Earlier this week, we discussed what the next president might mean for your portfolio. Today, I want to look at what the two candidates might mean for your bond holdings.
There are some very significant differences — and surprising similarities — between Hillary Clinton and Donald Trump. Whatever is going to occur, Congress is a key player in this. However, potential changes – in debt level, in financing and ultimately in interest rates and the dollar — could be significant.
First, a disclosure: I am terribly amused by Donald Trump. Despite his lack of political experience or grasp of policy, I have found his run for president very entertaining. Even more intriguing, he is potentially good for the country and better for the Republican Party.

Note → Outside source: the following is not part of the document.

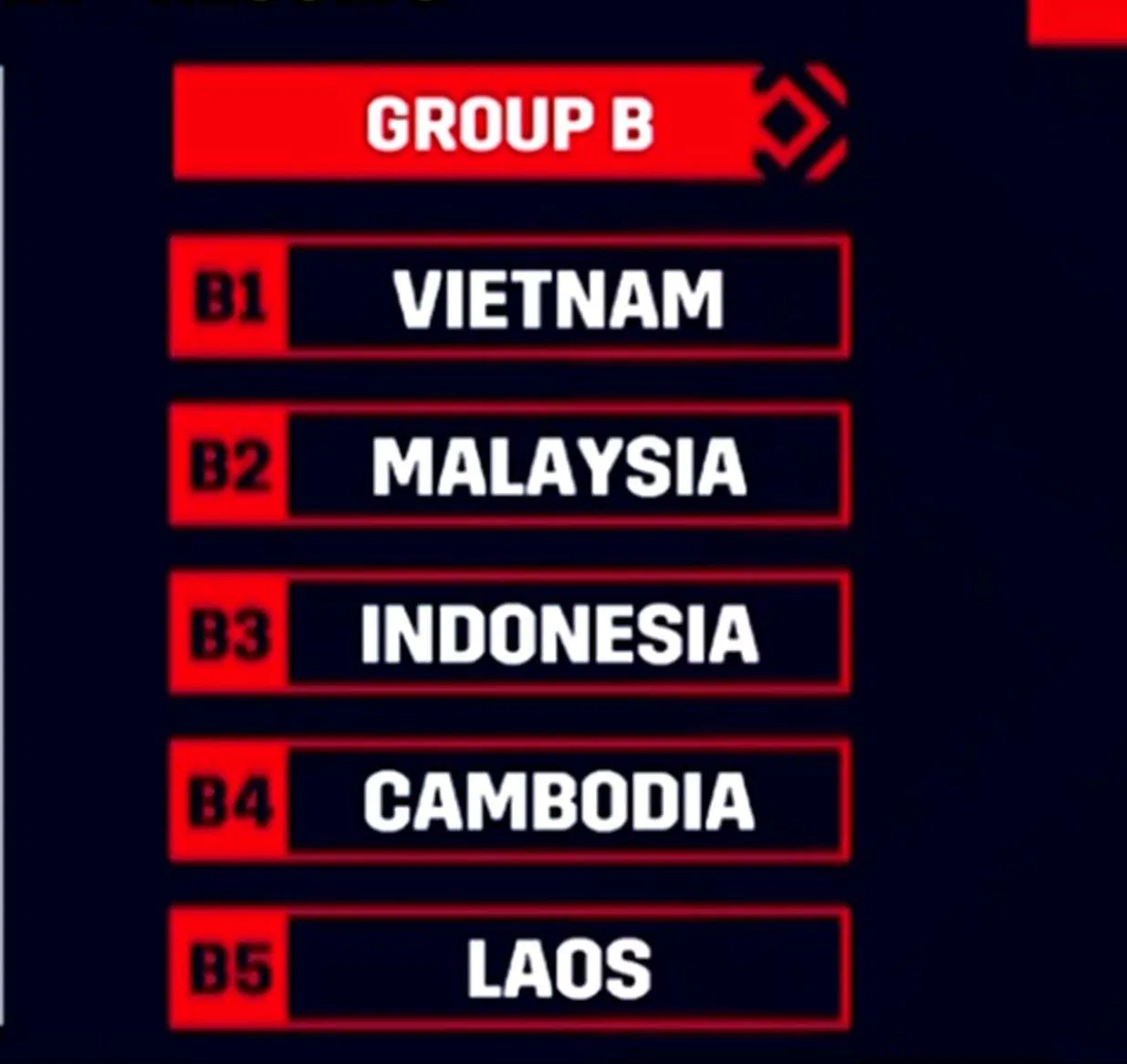 Bảng B giải AFF Suzuki Cup 2020 (Nguồn: Internet). Bảng B giải AFF Suzuki Cup 2020 (Nguồn: Internet).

What I mean by “good” is that a two-party system only functions properly when you have two functional parties. At present, America lacks that. Trump could very well help achieve that worthy goal by burning the Republican Party to the ground, forcing the next generation of conservatives to rebuild it from scratch, into a rational and logically coherent organization, as opposed to whatever indescribable mess it is now.
This would be a long-term positive.
Despite Trump’s tendency to speak off the cuff, he has on occasion said things that are constructive and thoughtful. Maybe their relative rarity makes them stand out. Regardless, the impact on the fixed income portion of your portfolio could be significant. The item that stood out to me most recently was his comment on America’s obligations, saying, “I would refinance debt. I think we should refinance longer-term debt.”
This of course is music to my ears. I have been asking for a long time why the U.S. isn’t taking advantage of low rates. A 50-year bond would match the U.S obligations at the proper duration and an ability to fund inexpensively. This would also allow long overdue infrastructure rehab.
Trump has had lots of experience restructuring the debt of numerous businesses. However, as my colleague Josh Brown points out, the U.S. is not a failed Atlantic City casino.